- **What is required**
Reproduce the line with "CARCASSONNE Appartement Carcassonne" and everything after it in the listing below, exactly, both ends included. No pictures.

- **Recorded information**
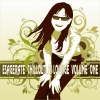 Emma Saville、Minus Blue - Be As One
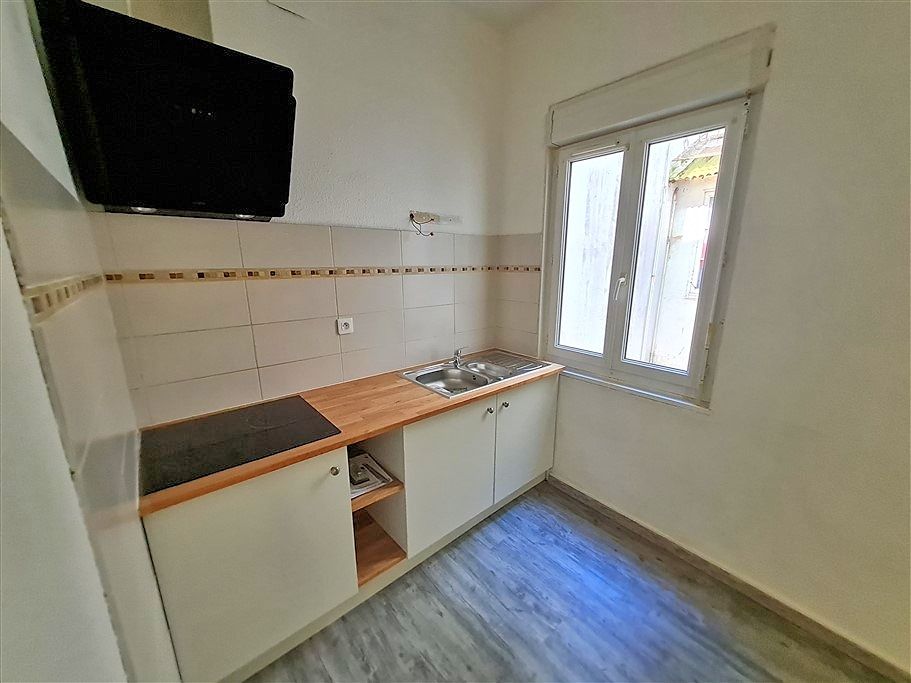 CARCASSONNE Appartement Carcassonne 2 pièces 54 m2 3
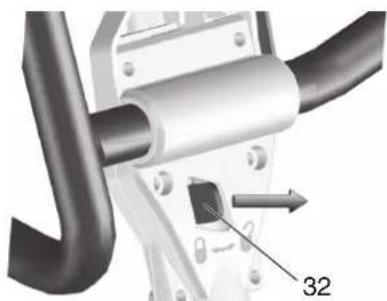 METABO TS 216 Floor - YCTaHOBka CO CTAHHNOH: - 3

- **Answer space**
 CARCASSONNE Appartement Carcassonne 2 pièces 54 m2 3
 METABO TS 216 Floor - YCTaHOBka CO CTAHHNOH: - 3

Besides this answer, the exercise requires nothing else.